Yesterday, Ezra Klein interviewed Democratic Sen. Kent Conrad, chairman of the Senate Budget Committee, about his fresh idea of introducing a “co-op” health care plan as an alternative to the government-run plan favored by liberals. There are a few things in the interview worth noting: 1) Conrad says Democrats don’t have the votes to pass heath care legislation that includes a government plan, which supporters call the “public option” and 2) Conrad says that he doesn’t think they can pass health care legislation by using the process of reconciliation, which would theoretically enable Democrats to pass a bill with a simple majority of 51 votes.
But I want to focus on a passing comment Conrad made toward the end of the interview. Asked how his more liberal colleagues reacted to his proposal for an alternative to the public option, Conrad responded:
“I think it’s fair to say mixed. Those who really want public option because they really want single payer, this does not satisfy their position.”
Over the course of the ongoing health care debate, conservatives have been trying to point out that the so-called public option is merely a way for liberals to achieve a single-payer health care system over time.
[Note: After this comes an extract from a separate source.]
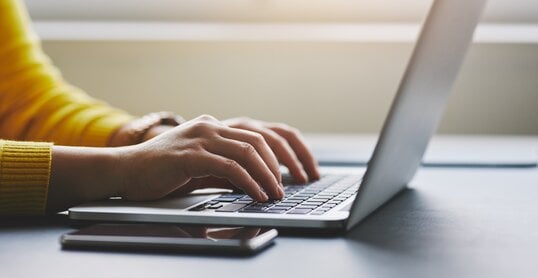 Close up of female hands while typing on laptop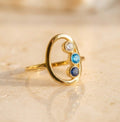 Gold mom birthstone ring with three gemstones representing children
But liberals, at least publicly, have protested this characterization, and insisted that the public option was merely a plan that would offer more choice to consumers and (in President Obama’s words) “help keep the private sector honest.” Yet in this interview, Conrad, a high-ranking Democrat, openly admits that a good number of liberals who are touting the government plan are doing so because “they really want single payer…”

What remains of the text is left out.